StoryMaker

StoryMaker
Image from [1]

StoryMaker: A Holistic Approach to Character Consistency

The landscape of text-to-image generation has witnessed rapid advancements with models like DALL-E and Stable Diffusion capturing the imagination of creators. Yet, while these models excel at generating stunning single images from textual descriptions, maintaining consistency across a series of images, especially when characters are involved, remains a challenge. That’s where StoryMaker steps in, as a groundbreaking solution designed to create holistic and consistent characters in text-to-image generation.

Introducing StoryMaker

StoryMaker tackles this issue head-on by not only preserving facial identities but also ensuring that clothing, hairstyles, and body features remain consistent across a series of images. It allows for variations in background, character poses, and styles while maintaining a cohesive narrative.

How It Works

This model combines facial identity with character features like clothing, hairstyle, and body structure using a Positional-aware Perceiver Resampler (PPR). This module extracts and refines information from reference images to generate characters that stay visually consistent throughout a series of images. The model decouples character poses from reference images by using ControlNet, allowing flexibility in pose changes guided by text prompts or specific pose references. Additionally, StoryMaker employs LoRA (Low-Rank Adaptation) to enhance image fidelity and prevents characters from blending into the background using a cross-attention mechanism, ensuring coherent storytelling with consistent visuals.

Results

In quantitative evaluations, StoryMaker achieved high scores in image-text similarity and identity preservation, maintaining facial, clothing, and hairstyle consistency.

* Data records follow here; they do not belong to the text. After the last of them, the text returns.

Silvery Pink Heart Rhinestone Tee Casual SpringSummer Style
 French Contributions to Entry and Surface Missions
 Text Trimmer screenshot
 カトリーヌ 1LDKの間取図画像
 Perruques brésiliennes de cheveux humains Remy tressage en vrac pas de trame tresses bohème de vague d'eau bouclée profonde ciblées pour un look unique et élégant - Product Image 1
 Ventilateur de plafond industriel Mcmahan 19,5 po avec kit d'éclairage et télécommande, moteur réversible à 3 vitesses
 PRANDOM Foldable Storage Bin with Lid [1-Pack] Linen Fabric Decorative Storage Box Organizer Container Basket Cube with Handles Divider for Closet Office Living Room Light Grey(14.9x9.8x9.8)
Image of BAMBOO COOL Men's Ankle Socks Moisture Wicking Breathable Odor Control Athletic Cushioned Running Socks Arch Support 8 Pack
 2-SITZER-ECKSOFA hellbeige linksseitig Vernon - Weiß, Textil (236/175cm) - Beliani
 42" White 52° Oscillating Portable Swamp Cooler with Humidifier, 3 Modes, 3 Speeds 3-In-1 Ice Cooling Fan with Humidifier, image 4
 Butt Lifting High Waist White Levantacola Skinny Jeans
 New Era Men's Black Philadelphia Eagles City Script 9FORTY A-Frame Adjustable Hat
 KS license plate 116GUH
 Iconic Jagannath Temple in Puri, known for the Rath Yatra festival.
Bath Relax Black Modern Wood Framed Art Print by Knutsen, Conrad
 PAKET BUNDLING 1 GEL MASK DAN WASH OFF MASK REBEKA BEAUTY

Visual comparisons show that it produces images where both single and multiple characters remain visually consistent, even when poses or backgrounds vary. StoryMaker excels at preserving the full character, including clothing and body features.

Conclusion

StoryMaker is a significant step forward in text-to-image generation, offering a solution to one of the biggest challenges in this field—character consistency. By ensuring that characters retain their identity, clothing, hairstyle, and body features across a series of images, StoryMaker enables creators to tell richer, more coherent stories. Whether it’s for comics, fashion, or personalized digital art, StoryMaker opens up new possibilities for creators looking to push the limits of what text-to-image models can achieve

References

[1] Zhengguang Zhou, Jing Li, Huaxia Li, Nemo Chen, and Xu Tang, “StoryMaker: Towards Holistic Consistent Characters in Text-to-image Generation,” arXiv preprint arXiv:2409.12576, 2024. [Online]. Available: https://arxiv.org/abs/2409.12576.